Esplins Law Report in July 2016 contained an article by Stephen Rush regarding the new non-resident withholding tax regime. The regime, in short, provided that whenever a purchaser buys property in Australia for a price of $2 million or more the purchaser must withhold 10% of the purchase price on settlement and immediately pay it to the Australian Taxation Office unless the vendor produces a clearance certificate. The amount of $2 million was set in place by the Australian Government so that the majority of transactions would be excluded from the regime (i.e. everyday Australians buying property in Australia). However, from 1 July 2017 the amount of $2 million will reduce to $750,000 which means that the majority transactions, especially in New South Wales, will be subject to the regime. Additionally, the percentage to be withheld by a purchaser has increased from 10% to 12.5%.
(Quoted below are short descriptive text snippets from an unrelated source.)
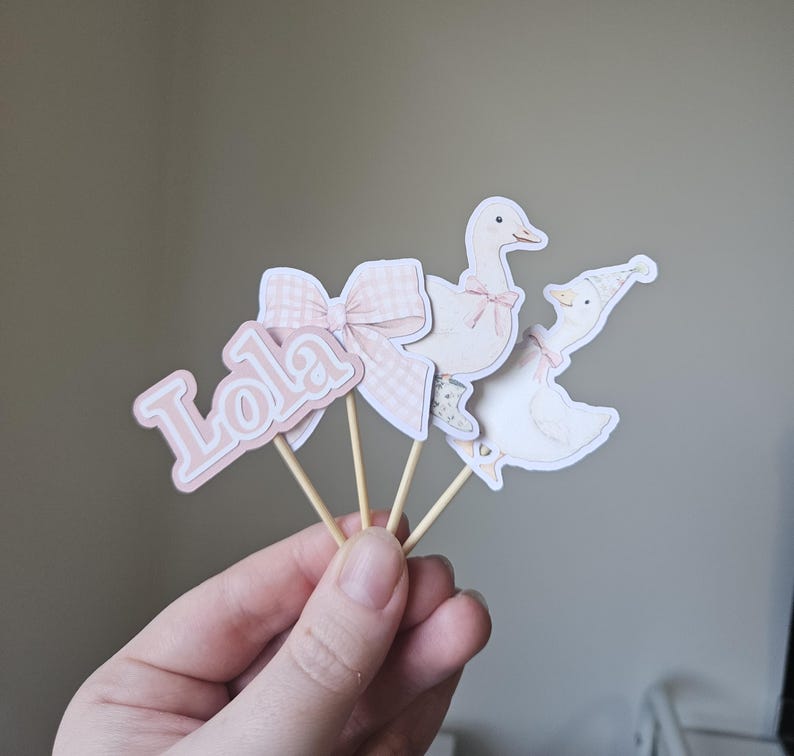 Puede incluir: Decoraciones de papel rosa y blanco sobre palitos de madera. El conjunto incluye un lazo con estampado de cuadros, el nombre "Lola" y dos gansos con lazos y sombreros. Probablemente se trate de adornos para tartas o decoraciones para fiestas.
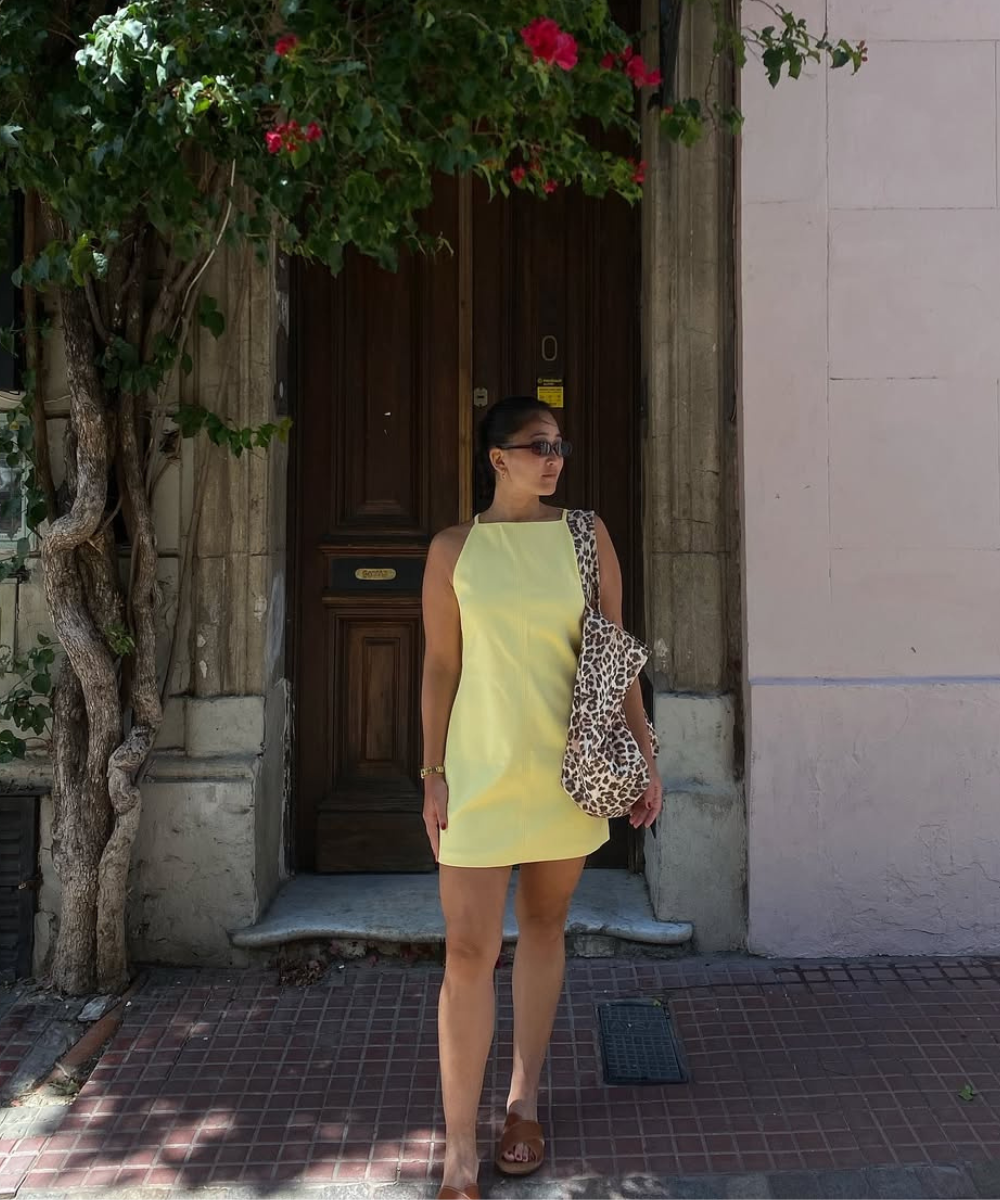 Mulher com vestido amarelo, bolsa de estampa de animal, de pé em frente a porta durante viagem no verão.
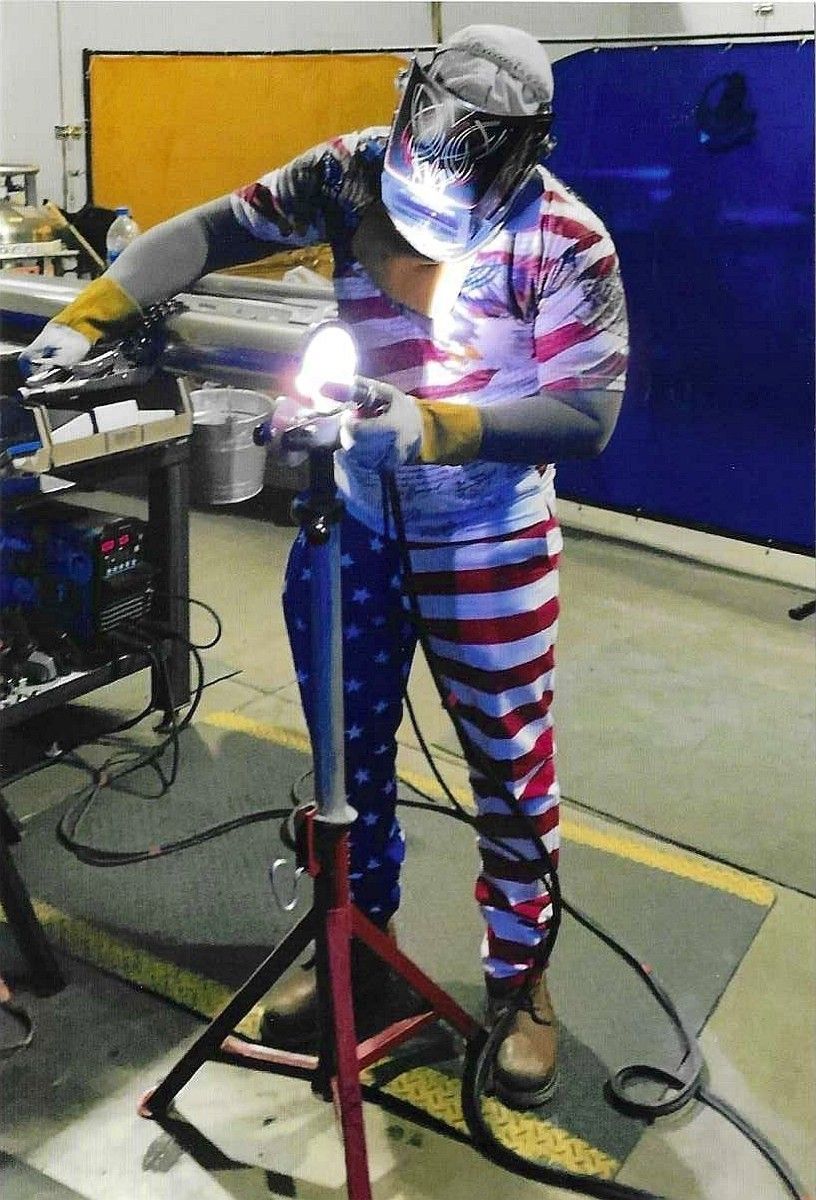 Person welding metal in a workshop, wearing a helmet and an American flag outfit.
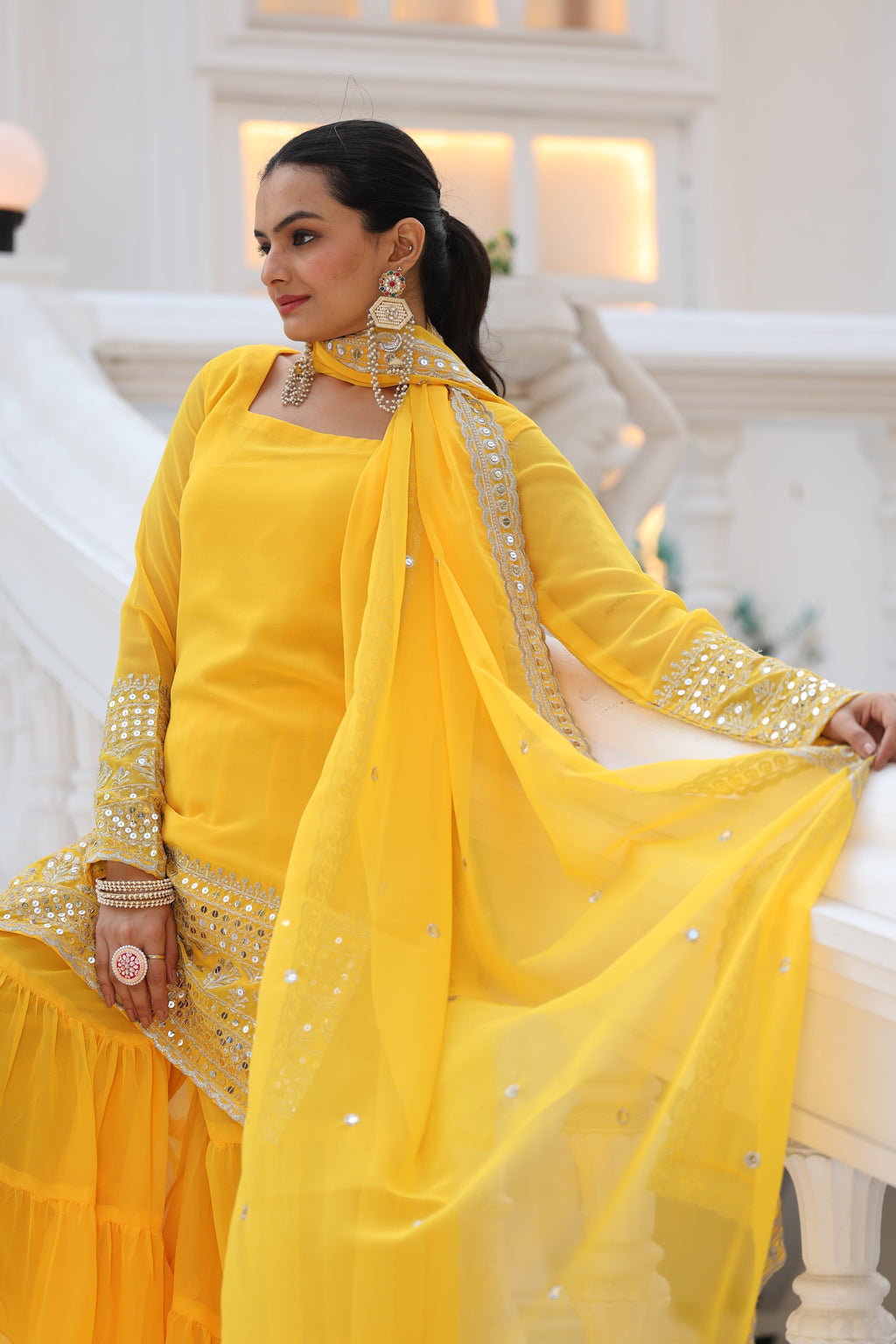 Woman wearing a yellow traditional outfit with intricate designs indoors.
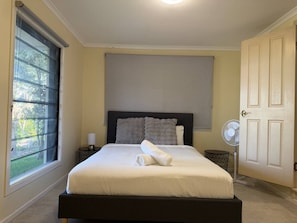 A bedroom with a bed, a window, a door, and a bedside table with a lamp. - Ormiston Bayside Family Stay with Private Pool (Ormiston)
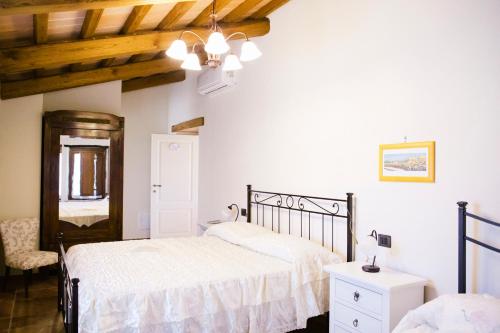 a white bedroom with two beds and a window at Locanda cireneo in Lugnano in Teverina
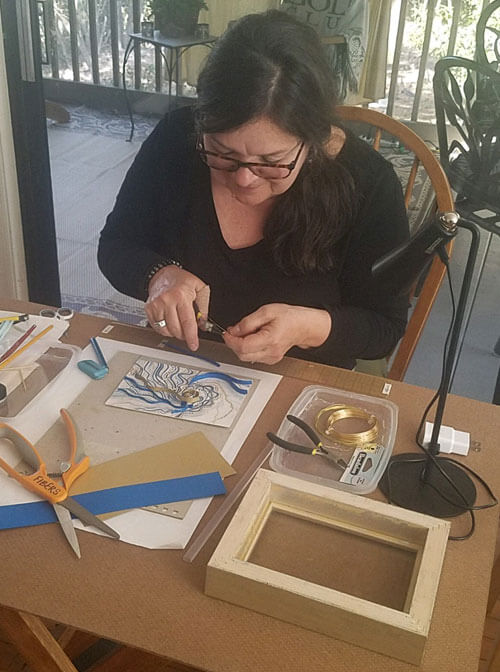 lisa working on mixed media piece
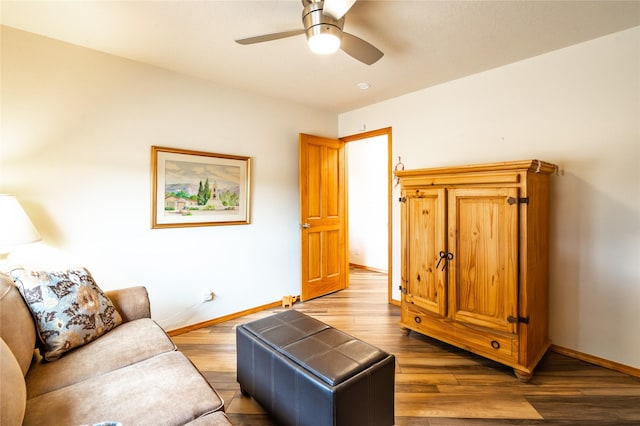 living room featuring hardwood / wood-style floors and ceiling fan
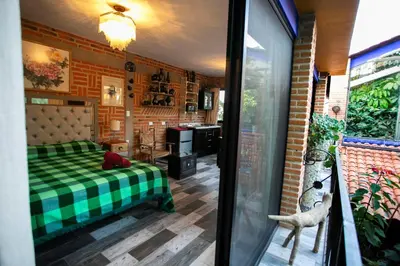 Zona de estar de Barro Negro by Majikal B&B
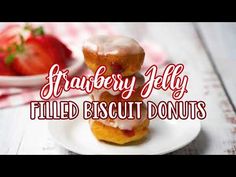 strawberry jelly filled biscuit donuts on a white plate with strawberries in the background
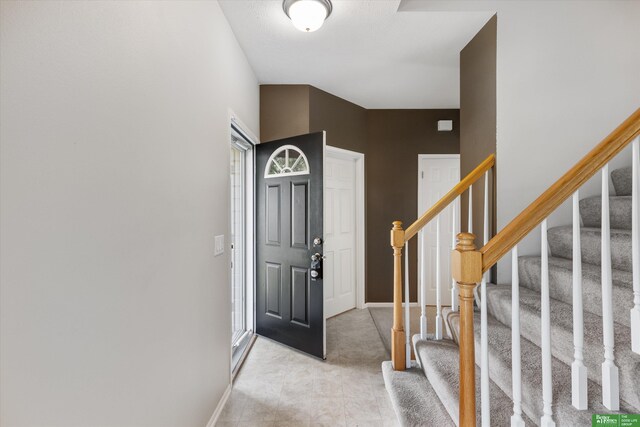 4602 N 155th Ave, Omaha, NE 68116 - foyer entrance featuring stairs and baseboards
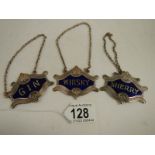 A set of 3 plated and enamel wine labels.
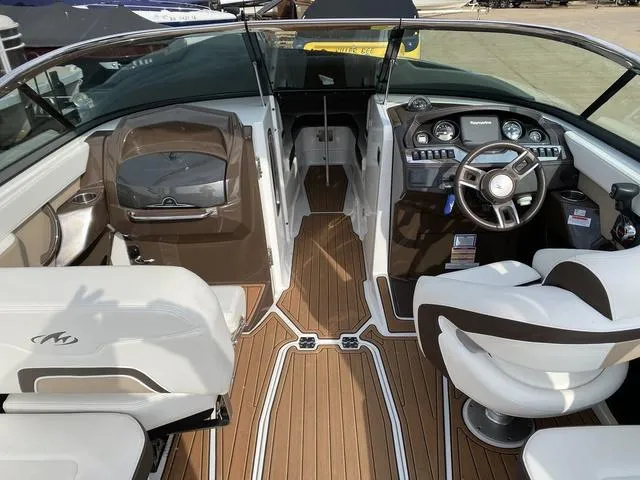 Slide: The Image of 2017 Monterey 278SS boat interior with modern dashboard and seating. - 9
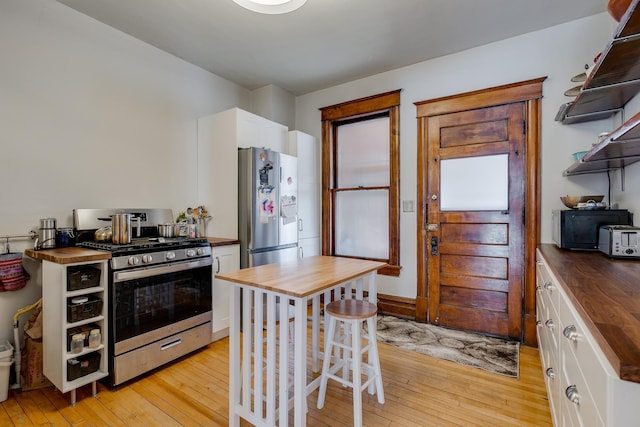 400 8th Ave NE Unit 1, Minneapolis, MN 55413 - kitchen featuring wooden counters, gas stove, light wood finished floors, and freestanding refrigerator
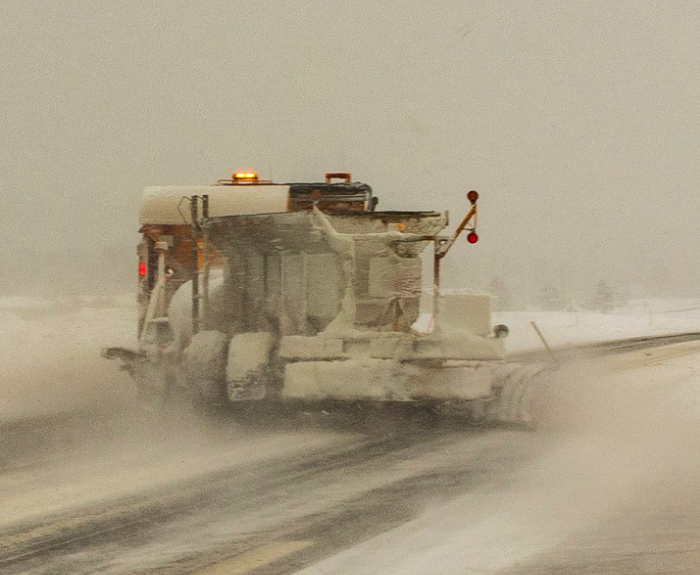 A snowplow clears a snow-covered road in low visibility during a winter storm.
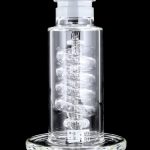 Front view of the GRAV® STAX Flare Base with Coil Showerhead Perc, showing its clear glass construction and unique coil perc design.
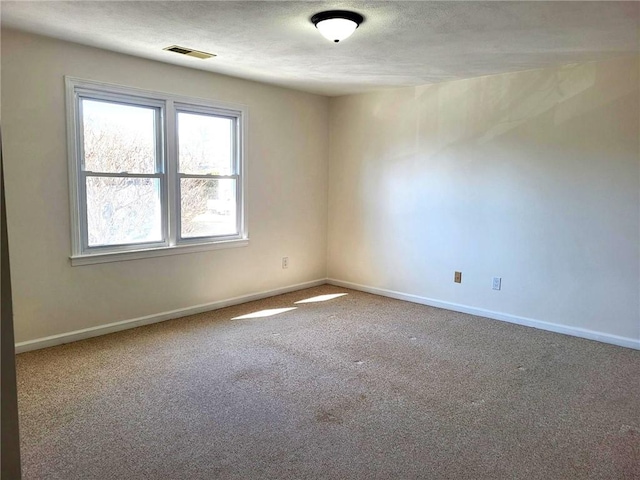 unfurnished room with carpet, visible vents, a textured ceiling, and baseboards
In addition to the non-resident withholding tax regime, clients should be aware that from 1 July 2018 purchases of newly constructed residential properties or new subdivisions will be required to remit the GST payable as part of the purchase price directly to the Australian Tax Office at the time of settlement rather than to the vendor/developer. Currently, GST is included in the purchase price and it is the vendor/developer who remits GST to the Australian Tax Office. However, some developers are failing to remit the GST (despite having claimed GST credits on their construction costs).
Once the legislation has been drafted we will be able to advise what exactly this means for our developer clients and our clients purchasing property off the plan.